| Task statement |
Copy the records below, from the line containing "fgospostavki.ru - Грозный" through the last line; leave out pictures.

++++

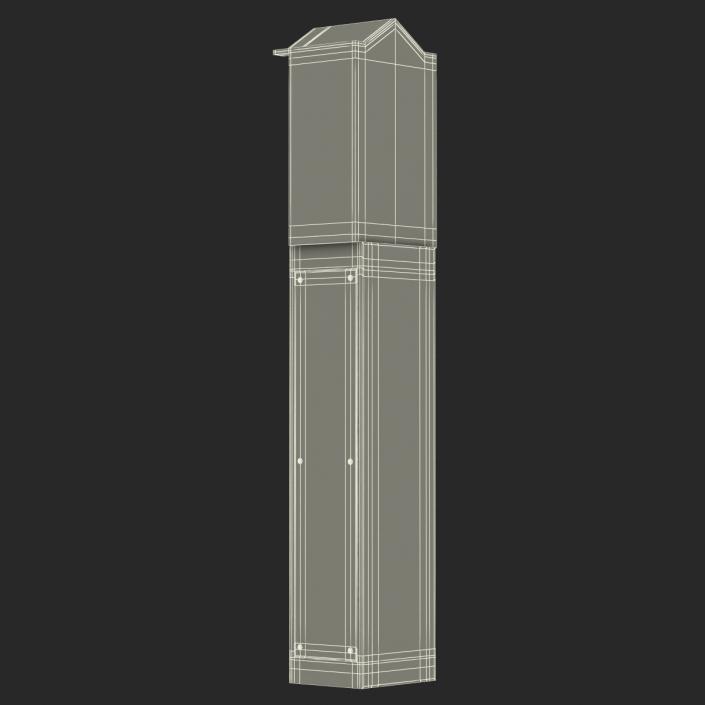 3D New York Fire and Police Call Box model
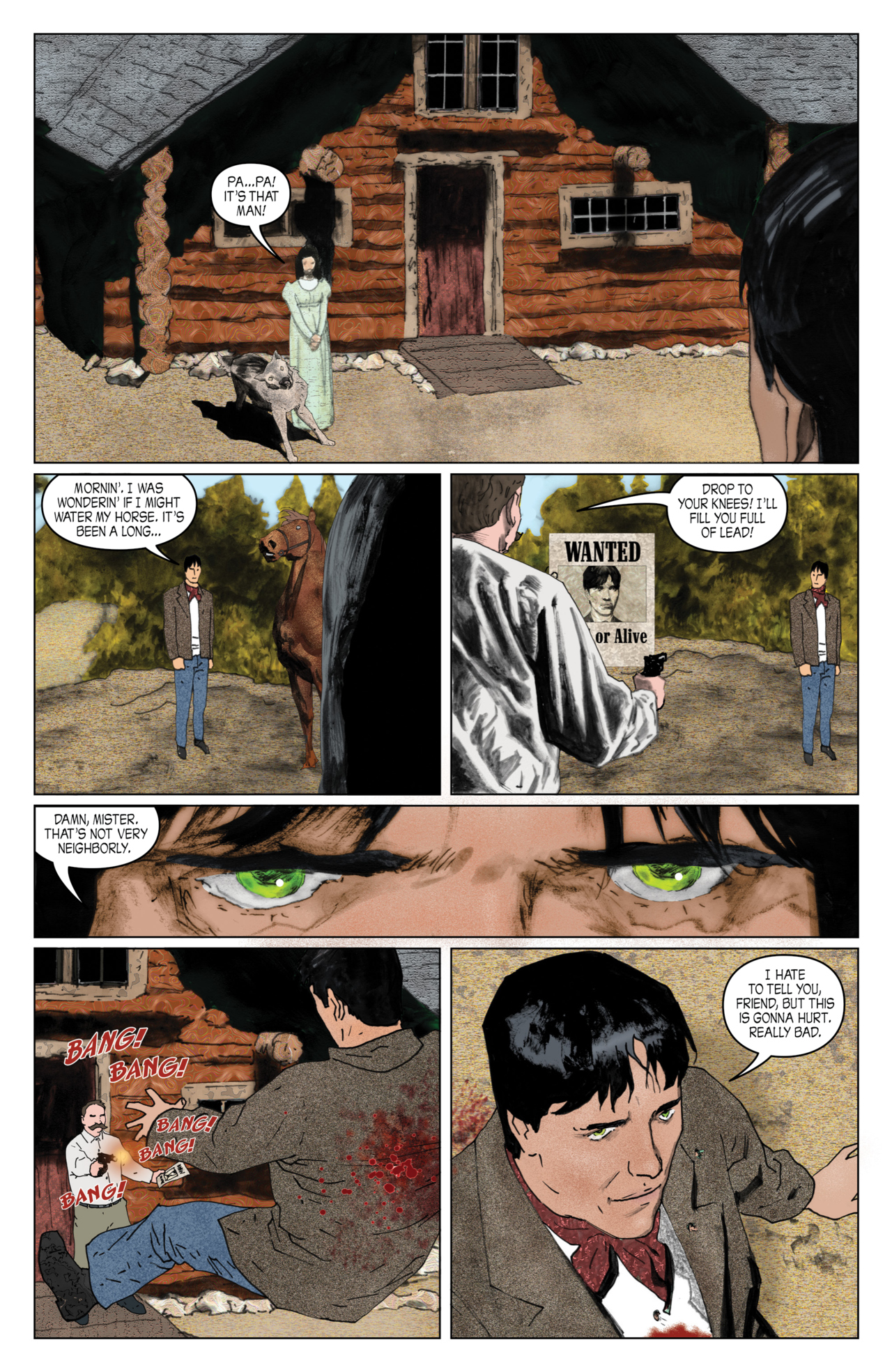 Read online John Carpenter's Night Terrors comic -  Issue # Black Sparrow - 115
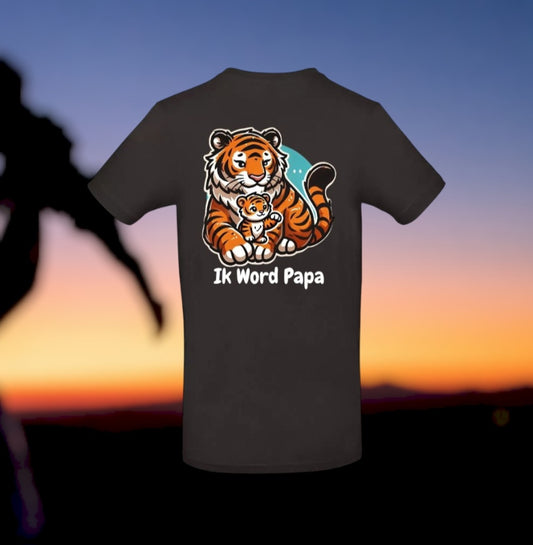 Ik Word Papa Heren T-Shirt - Animals Edition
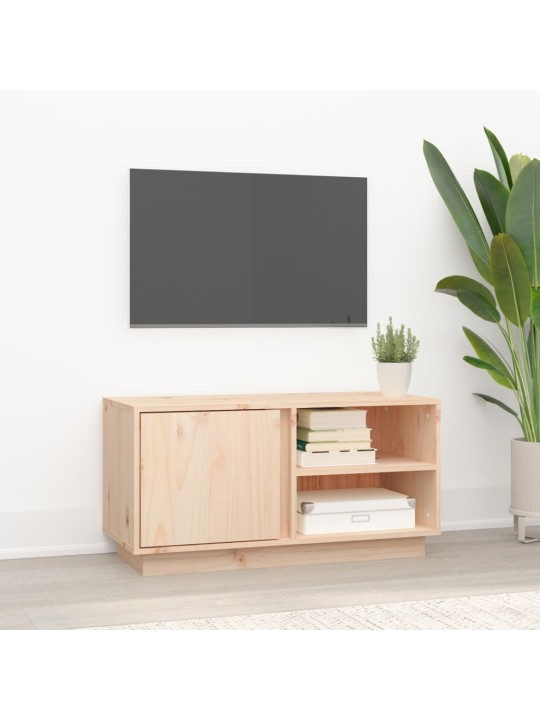 TV skříňka 80 x 35 x 40,5 cm masivní borové dřevo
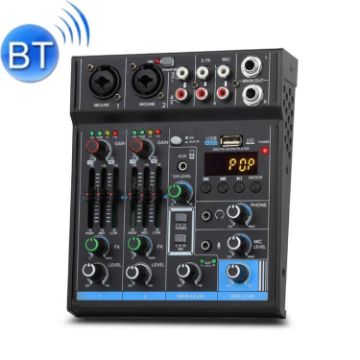 USB Balanced 4-ways Home Computer Recording Bluetooth Sound Card - 1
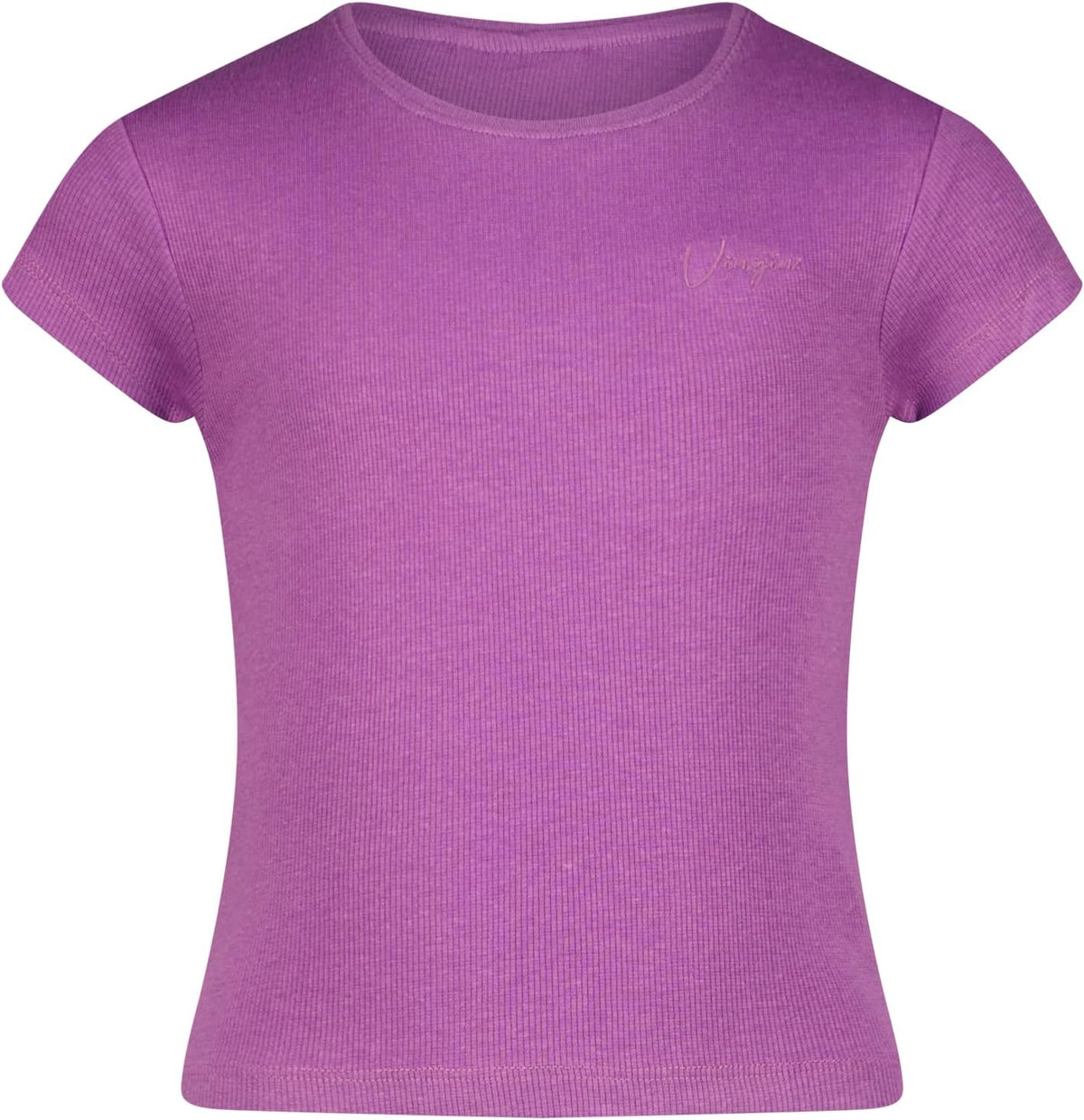 Mädchen T-Shirt Basic Crop Tee Sorbet Pink
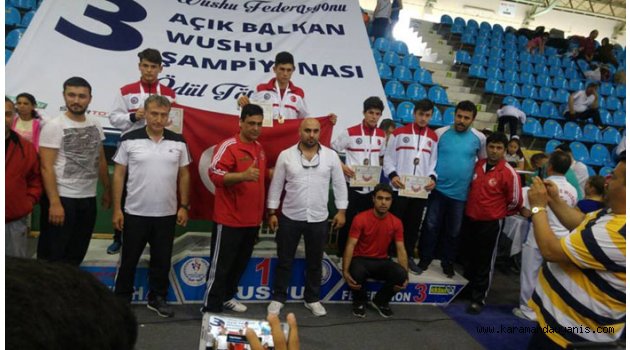 WUSHU’DA BALKAN ÜÇÜNCÜSÜ OLDUK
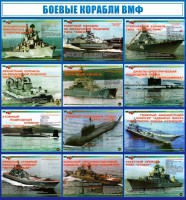Стенд "Боевые корабли ВМФ" - fgospostavki.ru - Грозный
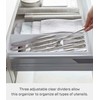 Yamazaki 5413 3D Oblique Cutlery Case, White, Approx. W13.8 x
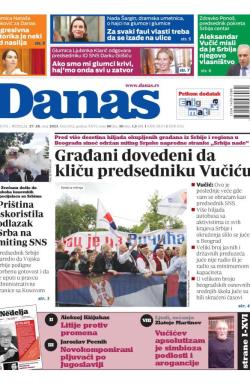 Danas - broj 9312, 27. maj 2023.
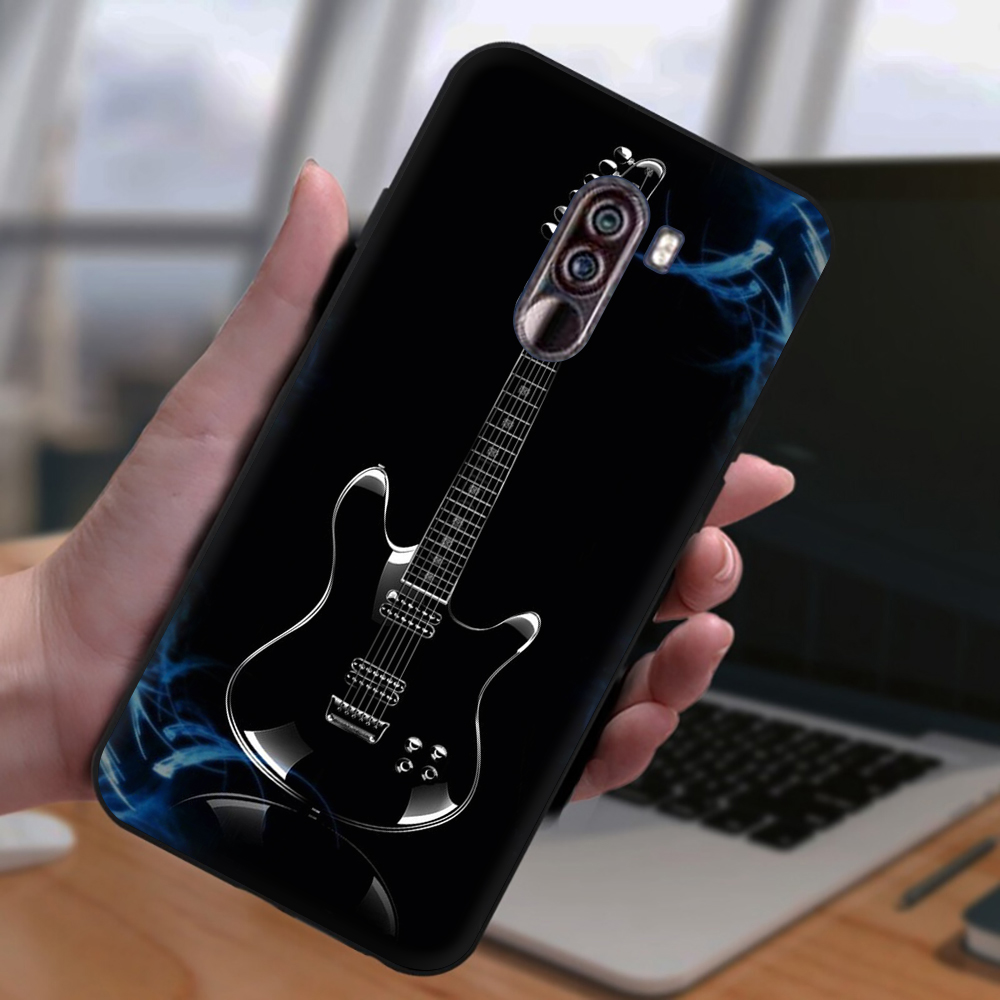 Ốp Điện Thoại Tpu Mềm Chống Rơi Họa Tiết Đàn Guitar Nghệ Thuật Cho Xiaomi Mi 11i 11 Ultra 11 Poco F3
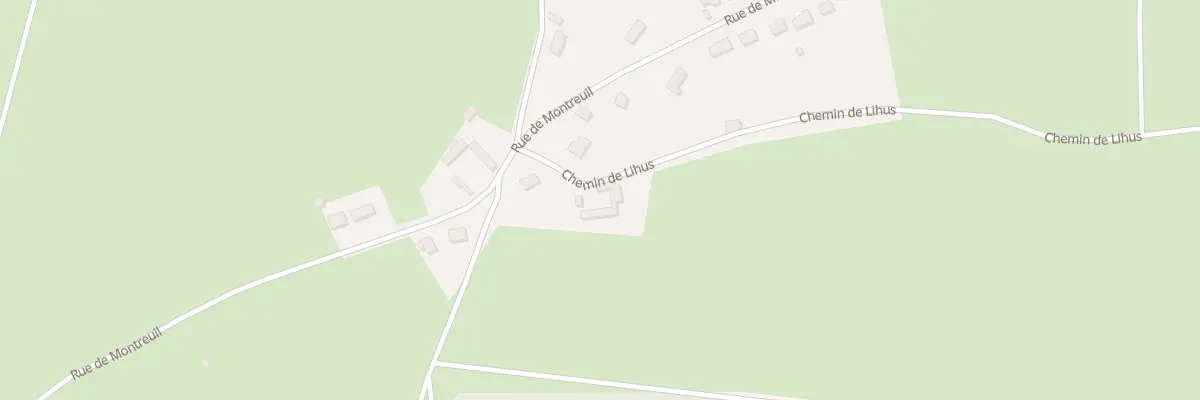 Plan du 3 Che des Lihus à Blacourt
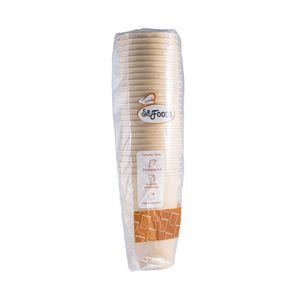 Vaso Biodegradable  De Fibra De Bambu 16oz  Sr Foods  25.0 -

++++

| Response |
Стенд "Боевые корабли ВМФ" - fgospostavki.ru - Грозный
 Yamazaki 5413 3D Oblique Cutlery Case, White, Approx. W13.8 x
 Danas - broj 9312, 27. maj 2023.
 Ốp Điện Thoại Tpu Mềm Chống Rơi Họa Tiết Đàn Guitar Nghệ Thuật Cho Xiaomi Mi 11i 11 Ultra 11 Poco F3
 Plan du 3 Che des Lihus à Blacourt
 Vaso Biodegradable  De Fibra De Bambu 16oz  Sr Foods  25.0 -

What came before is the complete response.